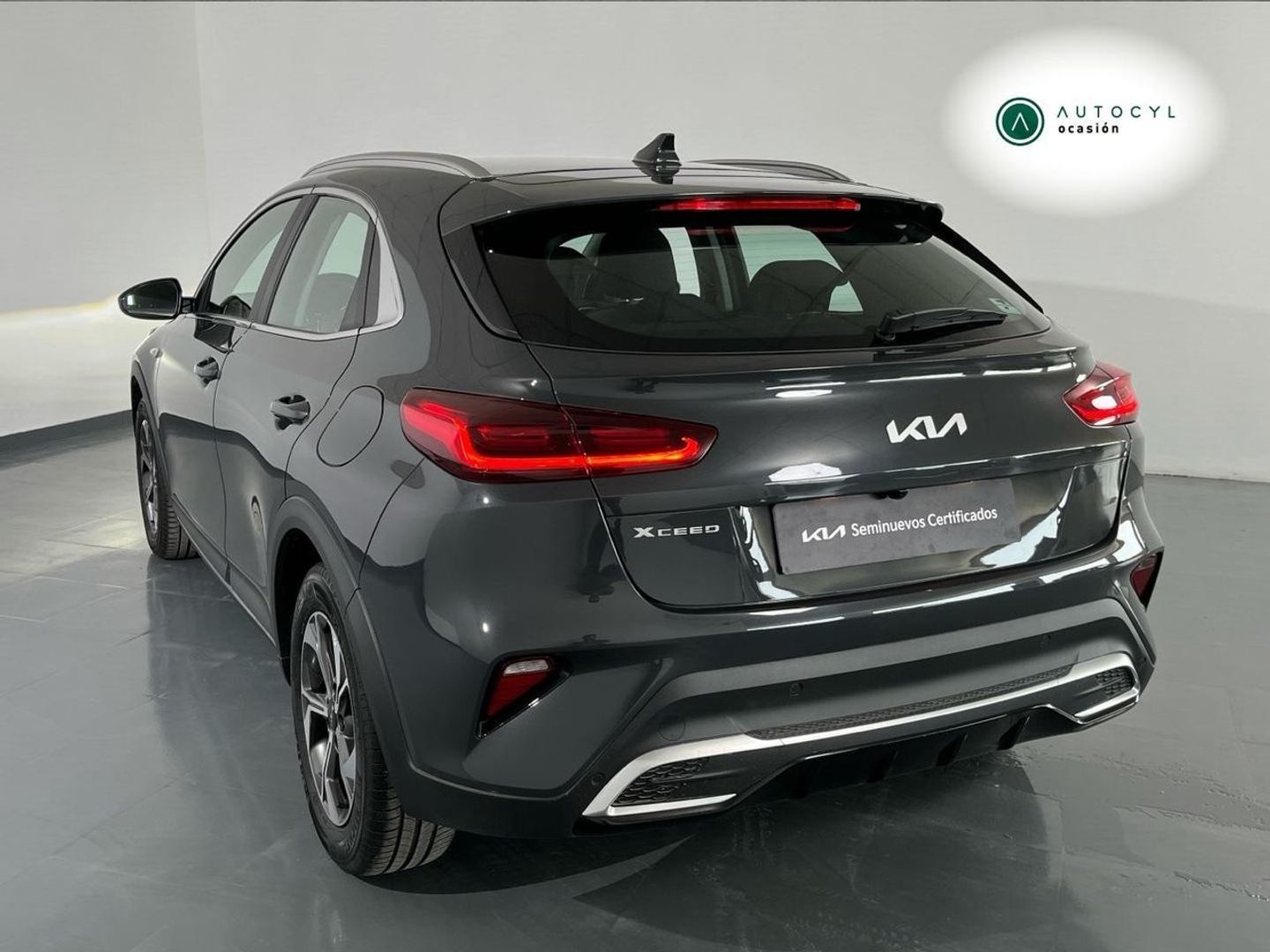 Kia XCeed 1.0 T-GDi Drive 74 kW (100 CV)
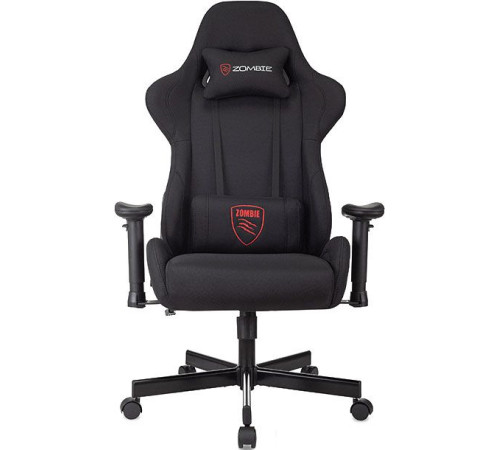 Кресло Zombie 790 черный Neo Black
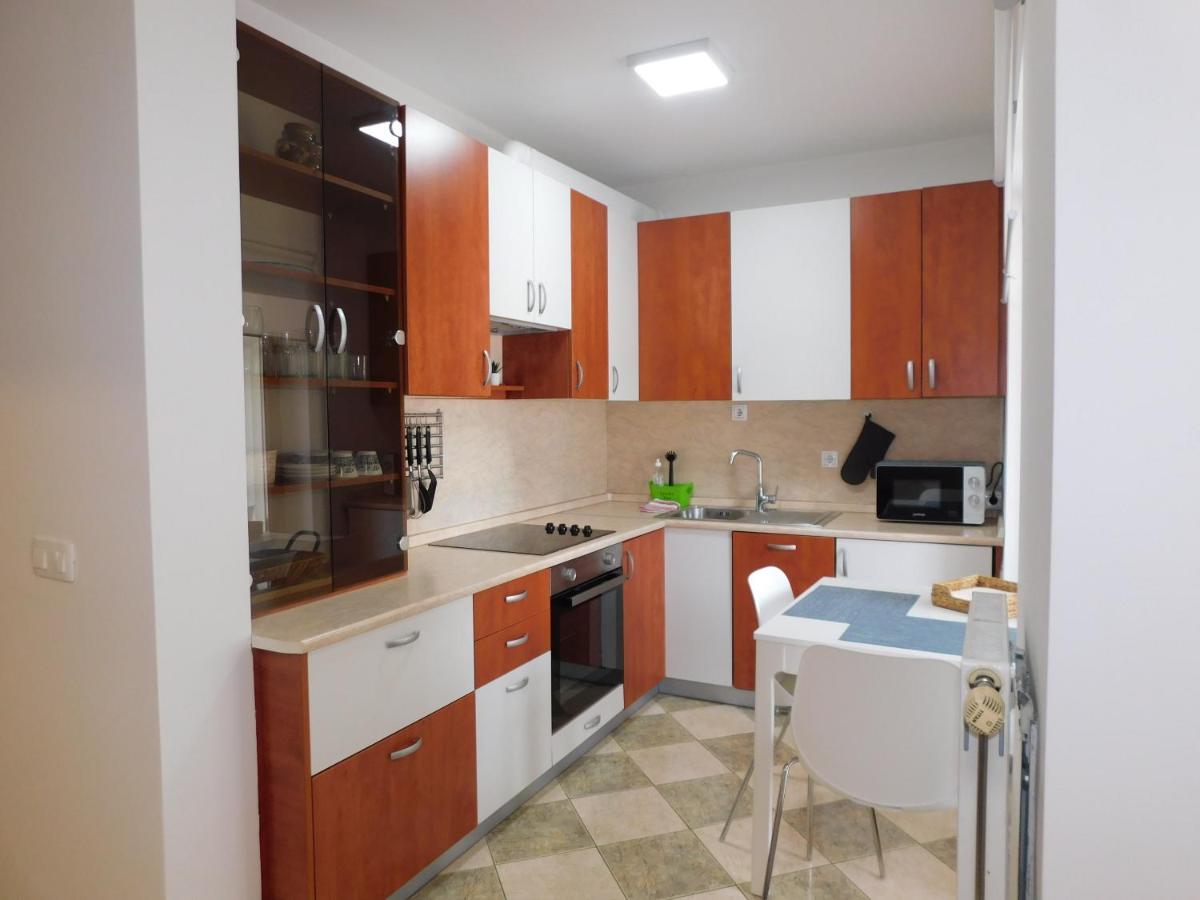 Apartment Stella 코페르 외부 사진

[Your objective]: All of the material above should be set down again exactly, though not its pictures.

[Task answer]:
 Kia XCeed 1.0 T-GDi Drive 74 kW (100 CV)
 Кресло Zombie 790 черный Neo Black
 Apartment Stella 코페르 외부 사진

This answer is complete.